State Management Pitfalls
State files are where FinTech IaC gets dangerous. I've seen three recurring problems that catch teams off guard:
Secrets in state. Terraform stores resource attributes in state, including things like RDS master passwords, API keys, and private keys. If your state backend is an S3 bucket without encryption, you've just created an unencrypted store of production secrets. At minimum, enable SSE-KMS on your state bucket and restrict access with a tight IAM policy. Better yet, avoid putting secrets into Terraform at all — use aws_secretsmanager_secret with a reference, not a literal value.
State locking failures. DynamoDB-based locking for Terraform state works well until it doesn't. I've had a CI runner crash mid-apply, leaving a stale lock that blocked the entire team for an hour during an incident. Have a documented runbook for force-unlocking state, and make sure more than one person has the IAM permissions to do it.
Drift. Someone logs into the console and tweaks a security group "just for testing." Now your state and reality are out of sync. In FinTech, drift isn't just annoying — it's a compliance gap. Run terraform plan on a schedule (I use a nightly CI job) and alert on any detected drift. CloudFormation's built-in drift detection is one of its genuine advantages here.
Tip: Never store your Terraform state in the same AWS account as your production workloads. Use a dedicated "infrastructure" account with cross-account access. This limits blast radius and makes it much easier to audit who touched state files.
Secrets Management Integration
The worst pattern I see in FinTech IaC is secrets hardcoded in terraform.tfvars files, sometimes even committed to Git. The fix isn't complicated, but it requires discipline.

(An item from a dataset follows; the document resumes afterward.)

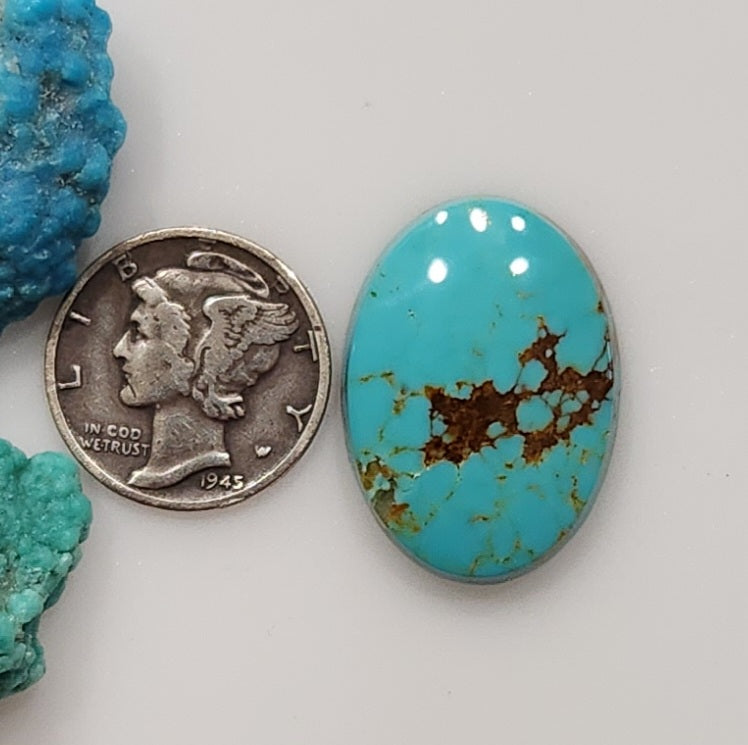 Kingman Hardy Pit Turquoise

For AWS-native stacks, I use AWS Secrets Manager with Terraform's data source to read secrets at plan time, never storing them in code or state. For multi-cloud or hybrid setups, HashiCorp Vault is the standard — the Vault provider for Terraform lets you read secrets dynamically, and Vault's audit log gives you a record of every secret access.

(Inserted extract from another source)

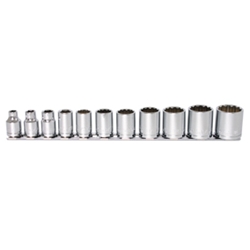 Socket Set 1/2" Drive Sae 13 pc.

# Read a database password from Vault at plan time
data "vault_generic_secret" "db_creds" {
path = "secret/production/payment-db"
}
resource "aws_db_instance" "payments" {
engine = "postgres"
instance_class = "db.r6g.xlarge"
master_username = data.vault_generic_secret.db_creds.data["username"]

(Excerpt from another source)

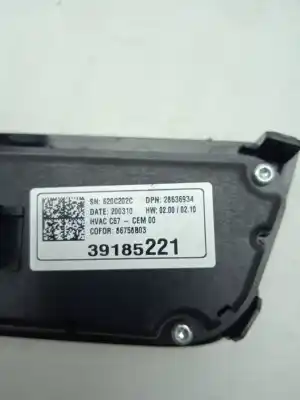 İkinci el araba yedek parçası iklim kontrolü için opel corsa c edition oem iam referansları 39185221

master_password = data.vault_generic_secret.db_creds.data["password"]
storage_encrypted = true
# ...
}
The critical detail: make sure your CI runner authenticates to Vault using a short-lived token (AppRole with a TTL, not a long-lived root token). I've seen a payments company store a Vault root token in a GitHub Actions secret. That's trading one problem for another.
Policy-as-Code for Compliance Guardrails
This is where IaC goes from "nice to have" to "audit-ready." Policy-as-code tools let you define rules like "all S3 buckets must have encryption enabled" or "no security group may allow 0.0.0.0/0 on port 22" and enforce them automatically before any infrastructure is created.
I've used both OPA (Open Policy Agent) with conftest and HashiCorp Sentinel. OPA is open-source and works with any IaC tool — you write policies in Rego and run them against your Terraform plan JSON. Sentinel is tightly integrated with Terraform Cloud/Enterprise and has a friendlier syntax, but it's a paid feature.
A practical starting set of policies for a PCI-scoped environment:
- All storage resources must have encryption at rest enabled
- No public ingress rules on security groups in the cardholder data environment
- All RDS instances must have automated backups with a minimum 7-day retention
- VPC flow logs must be enabled on all VPCs
- IAM policies must not use wildcard (
*) actions on sensitive services
# OPA policy: deny unencrypted S3 buckets
package terraform.s3
deny[msg] {
resource := input.planned_values.root_module.resources[_]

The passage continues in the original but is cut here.